Could you give back exactly the lines below from the one with "Transparent Graffiti Print Wedges Sandals" through the one with "Disposable coffee cup", without a single picture?
(MATERIAL TO PROCESS)
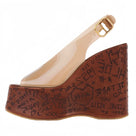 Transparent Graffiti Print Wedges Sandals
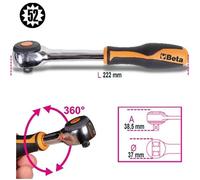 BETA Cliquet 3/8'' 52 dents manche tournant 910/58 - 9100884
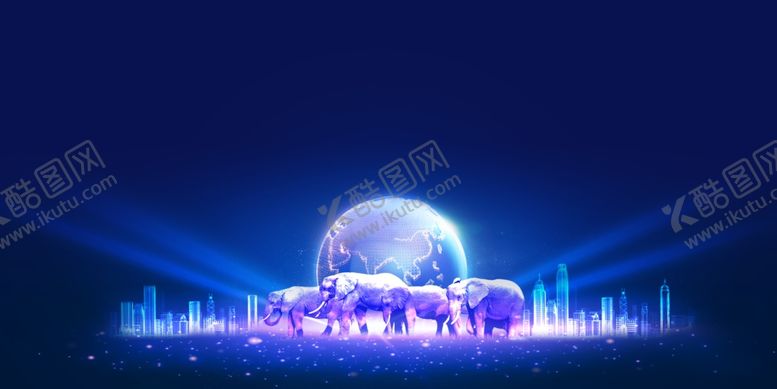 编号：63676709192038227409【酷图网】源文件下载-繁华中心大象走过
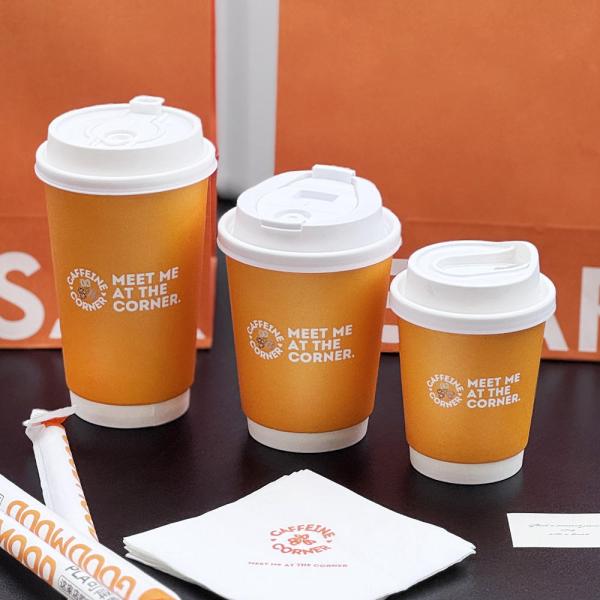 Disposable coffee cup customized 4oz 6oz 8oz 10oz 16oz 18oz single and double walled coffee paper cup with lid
(End MATERIAL TO PROCESS)
(MATERIAL TO PROCESS)
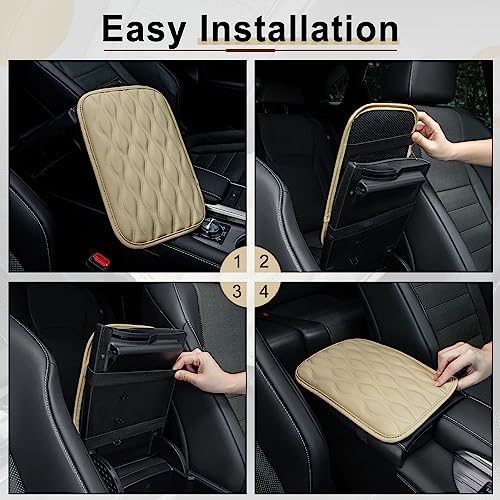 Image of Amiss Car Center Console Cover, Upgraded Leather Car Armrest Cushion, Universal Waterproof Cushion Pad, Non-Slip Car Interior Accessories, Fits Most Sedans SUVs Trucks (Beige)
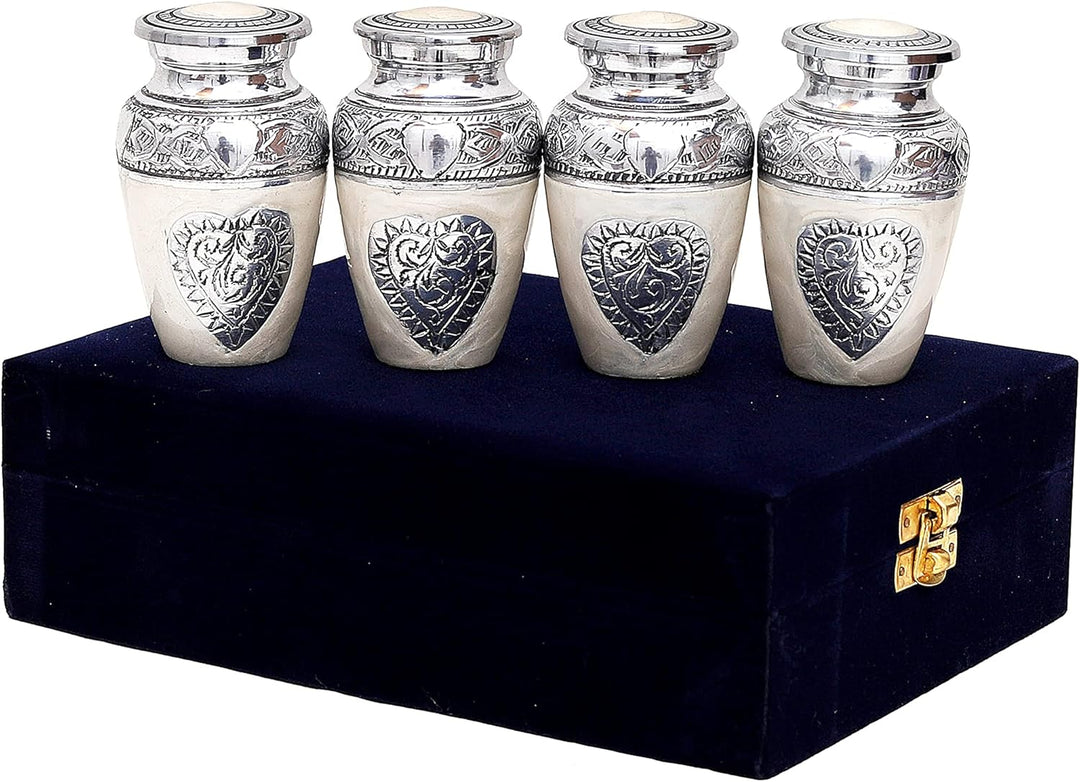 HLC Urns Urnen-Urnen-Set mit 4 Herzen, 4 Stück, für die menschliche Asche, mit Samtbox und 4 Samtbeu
(End MATERIAL TO PROCESS)
• **SOLUTION FOR THIS EXERCISE**:
 Transparent Graffiti Print Wedges Sandals
 BETA Cliquet 3/8'' 52 dents manche tournant 910/58 - 9100884
 编号：63676709192038227409【酷图网】源文件下载-繁华中心大象走过
 Disposable coffee cup customized 4oz 6oz 8oz 10oz 16oz 18oz single and double walled coffee paper cup with lid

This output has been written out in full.